Q - Pensez-vous que l'élimination de Mougnieh fasse craindre des représailles ici en Israël ? Nasrallah a émis des choses très graves.
R - Je ne sais pas. Vous savez, il y a un cycle de représailles et d'assassinats dans cet endroit du monde qui devrait s'arrêter et je souhaite qu'il s'arrête. De toute façon je pense que l'assassinat n'est pas la méthode de règlement politique du conflit.
Q - Un journal israélien a annoncé ce matin qu'on pourrait voir la libération de Gilad Shalit dans les prochains jours, en tout cas un accord sur sa libération. Est-ce que vous en savez plus, puisque Gilad Shalit est aussi français ?
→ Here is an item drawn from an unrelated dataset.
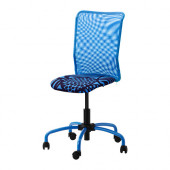 TORBJÖRN Swivel chair, blue Kvarnatorp blue - 602.179.02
R - Absolument, il est français et nous en parlons à chaque fois et nous tentons à chaque fois de le faire libérer. Je serais très heureux que ce que vous venez de nous dire puisse arriver, je l'espère infiniment. Je ne sais pas si cela fait partie d'un accord plus général. Je souhaite qu'il y ait un accord pour Gaza, que les points de passage soient réouverts, que la population de Gaza souffre moins et je souhaite également que les fusées ne tombent plus sur Israël, bien entendu, et l'un ne va pas sans l'autre. Si Gilad Shalit peut sortir, je serai particulièrement heureux, pas seulement parce qu'il est un citoyen français mais aussi parce qu'il est prisonnier depuis longtemps et que nous souhaitons tous sa libération.
Q - Vous n'avez pas de détails supplémentaires ?
R - Je n'en ai pas pour le moment et je vous assure que si j'en avais je ne vous les donnerai pas.
Q - Ehud Barak vous a t-il parlé des check-points ? Vous a t-il dit qu'il allait les enlever ?
R - Non, il n'a pas dit cela. Ce que je lui ai dit, c'est qu'il y avait, semble-t-il, une démarche qui venait de l'Autorité palestinienne et qui avait reçu l'assentiment de la Ligue arabe, de l'Union européenne, je crois des Américains aussi, et puis aussi de la conférence des pays islamiques, cela fait beaucoup !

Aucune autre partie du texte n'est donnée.